>The Guardian and Observer newspapers have made their entire archive available to the general public this month. It costs money, of course, but until the end of the week, one can search for free, so I thought I’d give it a go.
Previously, I have accessed The Times newspaper archive and been able to download some interesting accounts of hauntings from the 19th century. The searchability of these sources is quite extraordinary: typing in a word like ‘ghost’ and finding it highlighted in a news article from 1851, for example. Searching can be hard work, though, because the word ‘ghost’ can have several meanings and is used in unrelated terms like ‘ghost town’. One has to be more cunning than that.
So far, my Guardian searches haven’t proved as fruitful as those I made in The Times. Mainly, I’ve been coming across reviews of books and radio broadcasts. For example, I have seen several rather lukewarm reviews of a 1934 BBC Radio broadcast from an alleged haunted house in which little was recorded other than the whining of the owner’s dog and lots of setting up of equipment.
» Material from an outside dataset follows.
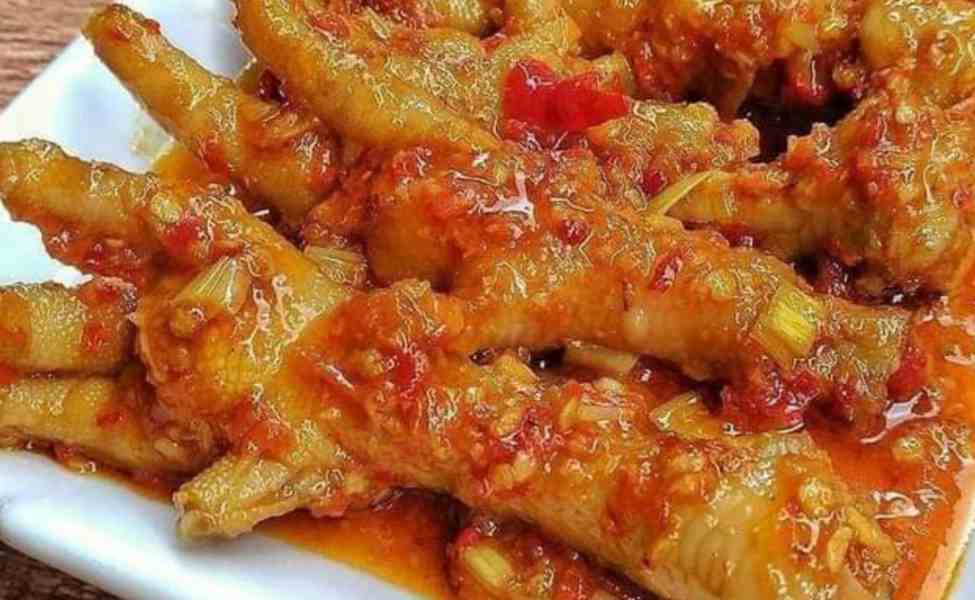 Resep Ceker Mercon Pedas Manis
What’s interesting, though, is that Psychic Investigator Harry Price was there to lend a hand and to keep his publicity machine going. With him was Dr C E M Joad, who later joined Price on his investigations at infamous Borley Rectory.
Seeing names like Harry Price cropping up in contemporary news reports is fascinating. These archives are windows on a vanished world.
In earlier records, Arthur Conan Doyle crops up regularly, too. It appears he put in a great deal of effort promoting the study of psychic phenomena around the world. I was amused by one story of a tour he made of the British Commonwealth countries in Africa. As part of his presentation, he showed a slide of a ghost photographed in a mansion in Nottinghamshire. Imagine his dismay when a man in the audience stood up and announced: ‘That’s me! It’s a trick photograph.’
It still seems extraordinary that the man who created Sherlock Holmes, that exemplary proponent of the rational and logical, should himself sbeen so gullible, far too keen to accept the truth of the Cottingley fairy photographs and the claims of fraudulent mediums.